Городок, где прошло моё счастливое детство, где я закончил среднюю школу, был небольшим. Когда после двух дней ожесточённых боёв город был взят нашими войсками, солдаты обнаружили уцелевший пивзавод, который всё ещё продолжал работать и во дворе стояла машина гружёная свежим пивом. Ещё тут была фабрика по переработке отходов, которую переделали в рыбзавод, один из двух первых в области. Был также газовый завод то ли на угле, то ли на болотном газе, снабжавший дома (его не смогли восстановить), мельница — большое двухэтажное здание в котором мололи зерно на муку. Вот, пожалуй, и всё. Можно ещё добавить тюрьму, которая размещалась в довольно хорошо сохранившемся тевтонском замке. Город сильно пострадал во время войны. Здесь по реке Дейма проходила линия обороны. На берегу были бетонные доты, множество окопов. Железные арки моста через реку изрешечены пулями. Центр города был полностью уничтожен и на его месте образовалась площадь, где был установлен памятник. Угадайте с двух раз кому? Да, Владимиру Ильичу в полный рост. Впрочем, размер памятника не выходил за рамки приличия, как это случалось в других местах. Он вполне себе гармонично вписывался в новую архитектуру центра, не бросаясь особо в глаза, но постоянно напоминая, что он тут есть, и всё видит.
Лет с пяти отец стал меня брать с собой на работу. Я видел своими глазами как трудятся рыбаки-колхозники, какие у них лодки, какие снасти, как они выглядят. Годам к десяти я уже мог сам запустить дизель «Болиндер» отцовского мотобота, знал все фарватеры Куршского залива, створные знаки, маршруты по рекам и каналам.
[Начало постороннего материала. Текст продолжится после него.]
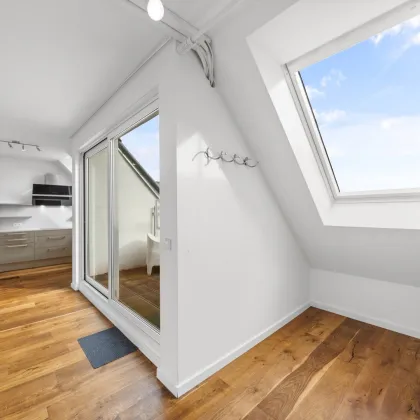 Dachterrassenwohnung mit Weitblick über Wien | PKW-Tiefgarage | Parkausrichtung | 2 Terrassen (28,6m²) | 2 Gehminuten zur U6 | 9 Min. in den 1. Bezirk - Bild 3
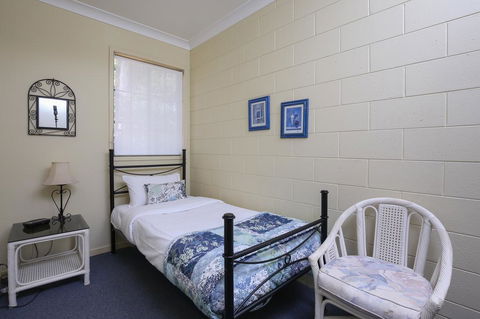 Country Lodge Motel - Sunshine Coast Tourism 3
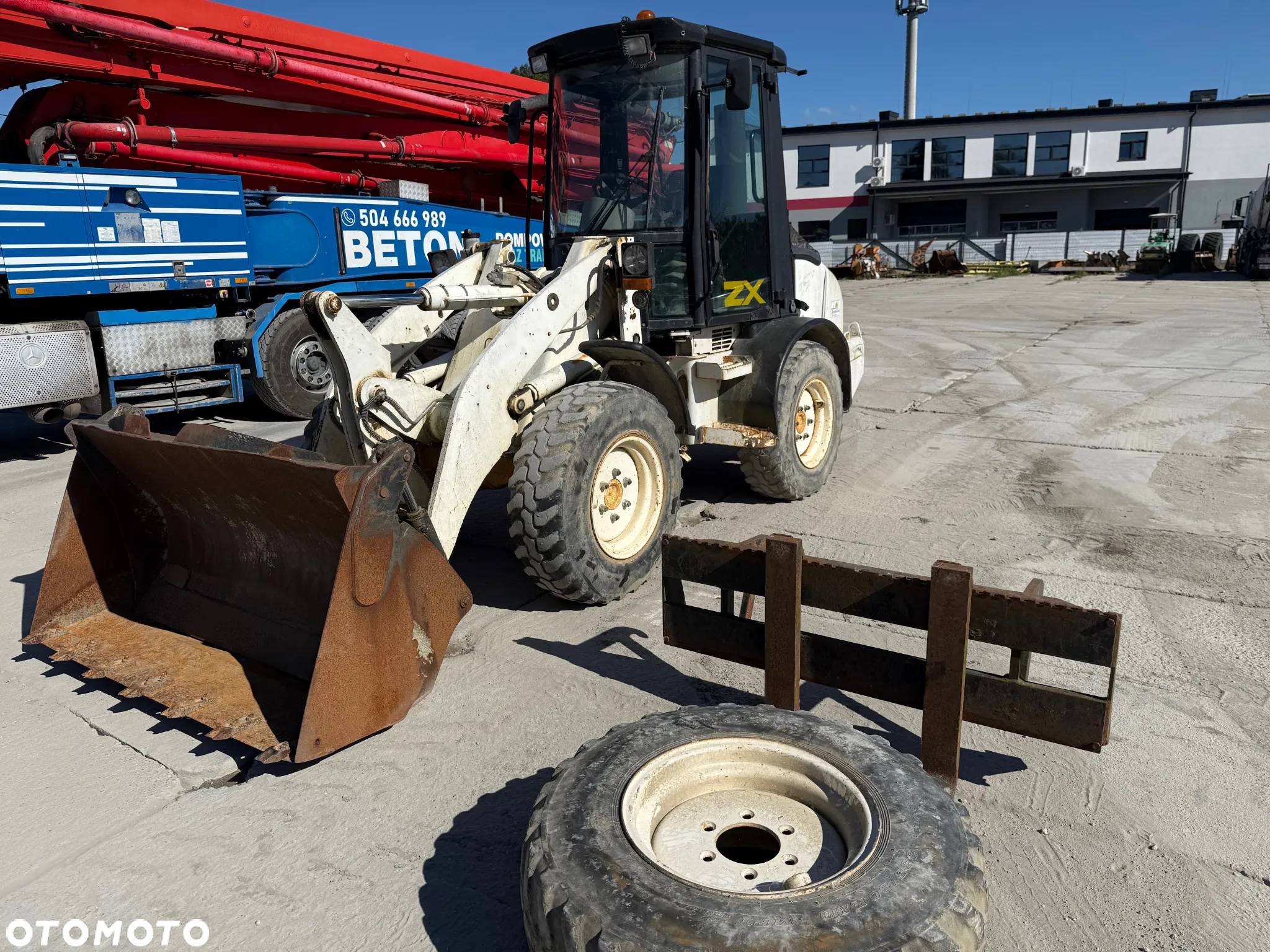 JCB 407 ZX Łyżka / Widły /Szczęka - 9
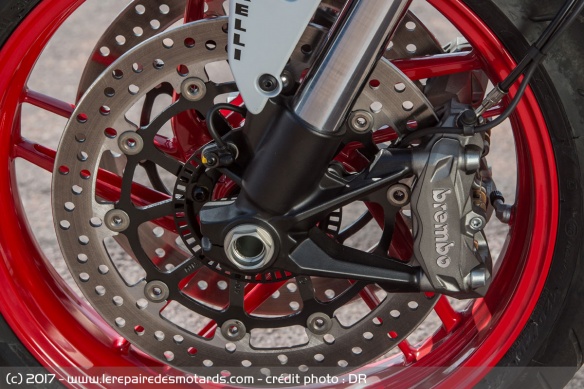 Les disques sont pincés par des étriers radiaux Brembo
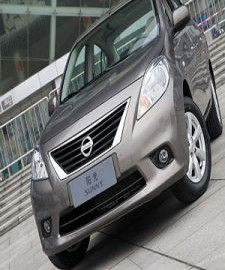 日產陽光 日產陽光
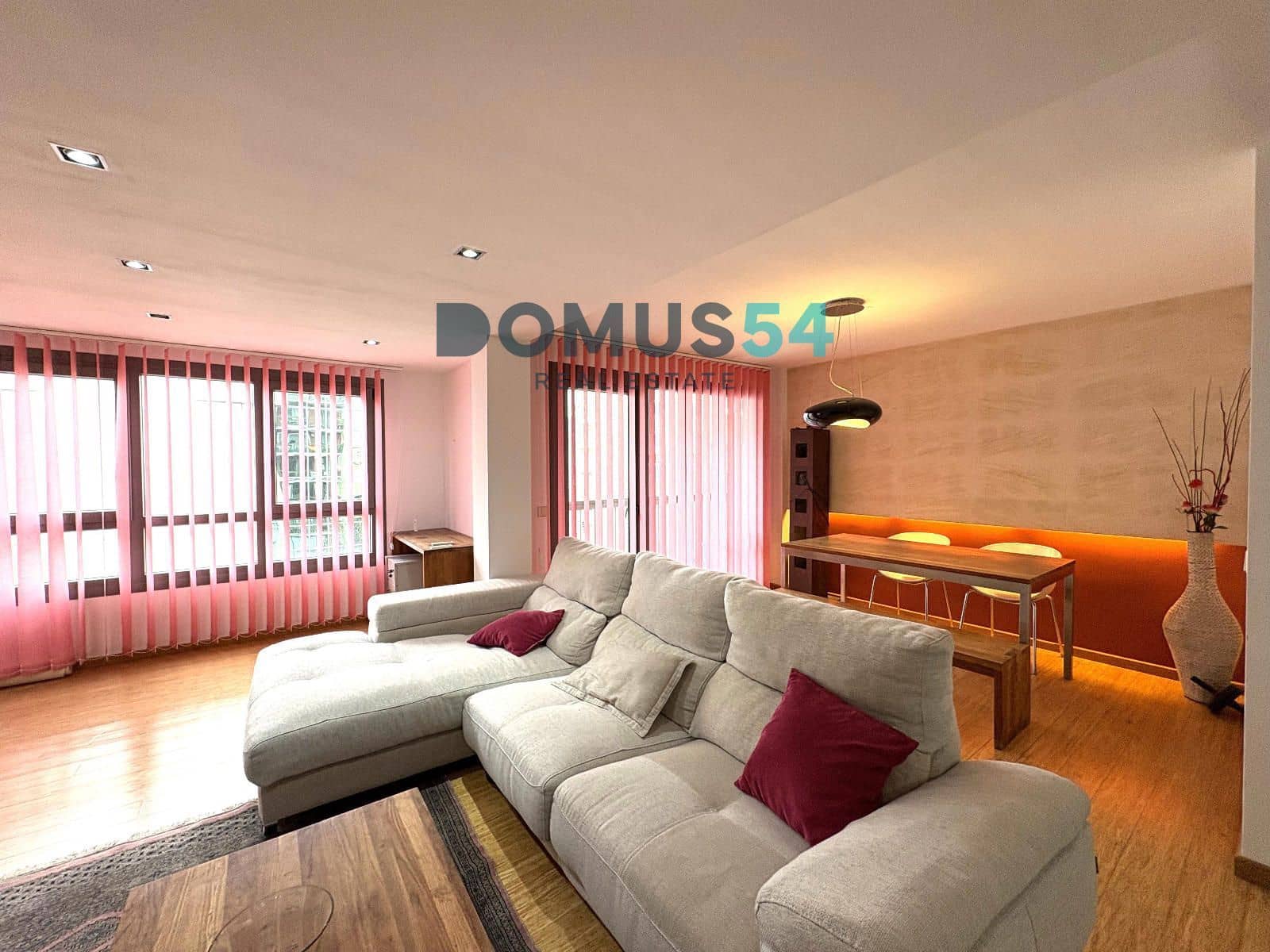 3 bedroom Flat for sale in Palma de Mallorca - € 650,000 (Ref: 9699907)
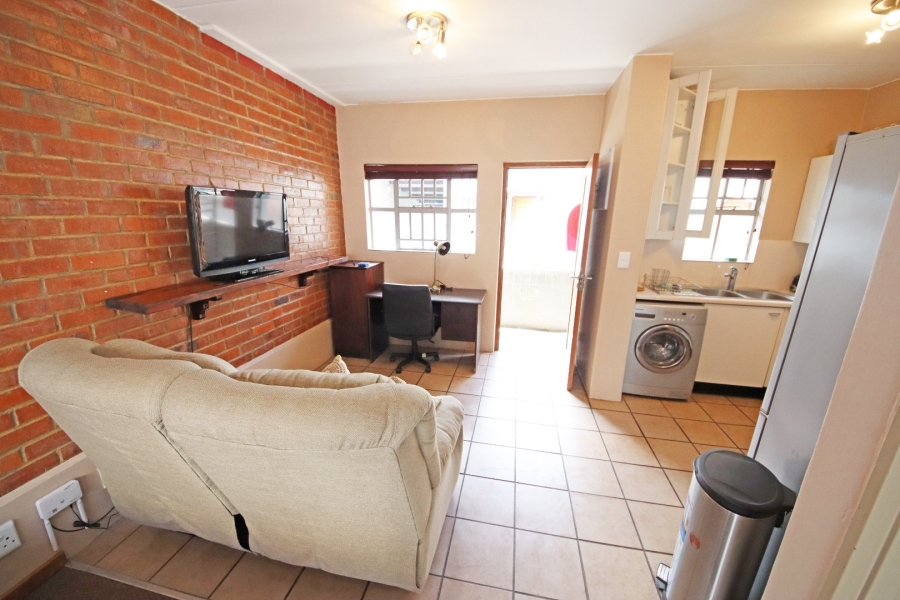 To Let 1 Bedroom Property for Rent in Upper Houghton Gauteng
Я хорошо помню большие сушильные печи, стоявшие прямо на берегу под открытым небом в посёлке Головкино. Они были сложены из кирпича, топились дровами, и в них во время путины сушили корюшку и снетка. В начале 60-х на заводе установили сушильную машину и печи стали не нужны. Позднее, уже в 90-х их растащили на кирпич. Отец работал через день — один день его смена, на следующий день другой экипаж. Экипаж состоял из трёх человек — капитан, старший моторист и боцман, в другой смене были старпом, моторист и матрос. Утром на мотобот загружались деревянные ящики, заполненные сухим льдом. Эти ящики делали тут же на заводе в тарном цехе из дощечек, доставленных с местной «пилорамы» — небольшого предприятия по соседству.
Ящиков брали от 20 до 100 в зависимости от уловов. Закончив погрузку мотобот отправлялся по одному из четырёх маршрутов. Первый был через весь Куршский залив в посёлок Рыбачий. Два других по рекам и каналам в рыбацкие посёлки Полесского и Славского районов. Четвёртый самый длинный, по заливу в посёлок Причалы у самой границы с Литвой. Дорог в эти посёлки до середины 60-х не было, всё доставлялось только по воде.
Навсегда в памяти остались запахи того времени. Завод был пропитан ароматом коптилок. Здесь были цеха холодного и горячего копчения. Затон, где стояли заводские мотоботы, пах речной водой с примесью солярки. Весной, когда шла корюшка, на заводе пахло свежими огурцами. Хорошо помню плакаты с призывами ударно трудиться. Они встречались повсюду. Особенно запомнился плакат «Ударным трудом вперёд — к победе коммунизма!», а рядом под навесом огромная куча соли, наверное, целый вагон. Она промокла и превратилась в неприступную скалу. Ни лопата, ни кирка её не брала. Её героическими усилиями прорезали струёй воды из пожарного гидранта и откалывали большие куски. Зрелище было интересным, особенно в сочетании с плакатом.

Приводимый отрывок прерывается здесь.